Ему нужно набрать на порцию виски прежде, чем идти на похороны. Ему нужно набрать на порцию виски, чтобы хорошо выглядеть на похоронах (придут уважаемые в мире искусства люди). Да, все это трудно, но, распластавшись на зубчатом ложе из цементных ступеней, окантованных железом, Грок обнаруживает, что фарс начинает превращаться в реальность и что китайское, индийское, русское утреннее солнце заботливо согревает его, несмотря на декабрь, и что он, благодаря тому, что подложил под голову свою собственную руку, постепенно проваливается в полусонное состояние.

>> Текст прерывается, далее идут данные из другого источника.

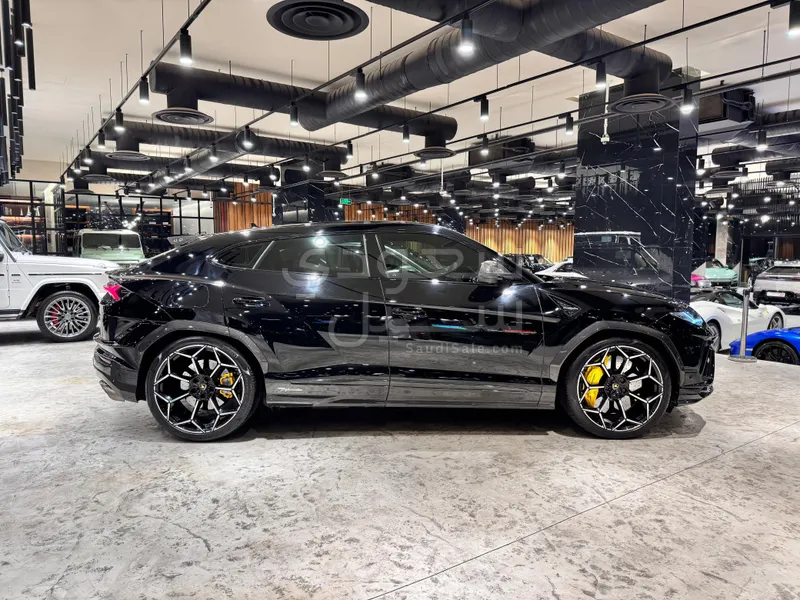 2024 Lamborghini URUS Performante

Сначала он закрывает глаза, только чтобы не видеть всего этого спектакля, — носового платка, картонки, тех, кто глядит на него, рассматривает и, возможно, бросает ему мелочь. Однако постепенно засыпает на самом деле. Декабрьское солнце как будто накрывает его светлой шалью. Слышен назойливый шум приближающихся и удаляющихся шагов. Бестолково шаркает лестница. Беспорядочно хлопают двери на сквозняках. Но всходит солнце, и сон не прерывается. Голодаю нет работы милосердие нужно пятьсот пст. да храни вас господь огромное спасибо я проездом.
Грок просыпается от топота целого батальона ног, которые, почти задевая его, спускаются в метро и поднимаются из метро. Немного встревоженный, он смотрит на большие вращающиеся уличные часы, висящие напротив: на них девять с четвертью. Это означает, что уже прошел час с четвертью после того, как Агустина похоронили. На белом, аккуратно расправленном платке старого канцелярского служащего лежат несколько монет. Картонка осталась на своем месте. Из-за нее алжирец, возможно, искал его повсюду на Гран Виа, и если бы обнаружил (а это было несложно, так как Грок находился совсем рядом), мог бы убить. Но до Грока это доходит только сейчас. (Позже он прочитает в утренних газетах, что похороны художника-абстракциониста состоялись в узком кругу семьи и ближайших друзей. То есть никто из грандов, пообещавших присутствовать, не пришел. Вот так человек умирает, Агустин, дорогой). Платок; мелочь; картонка; люди, поднимающиеся и спускающиеся по лестнице; растоптанное достоинство Грока, только что ставшего попрошайкой. Навсегда?
Он предпочитает закрыть глаза и снова кладет голову на свою онемевшую руку. Ему достаточно было мельком взглянуть на мелочь, рассыпанную на платке, чтобы понять: виски гарантировано. Теперь можно спать спокойно. И он спит.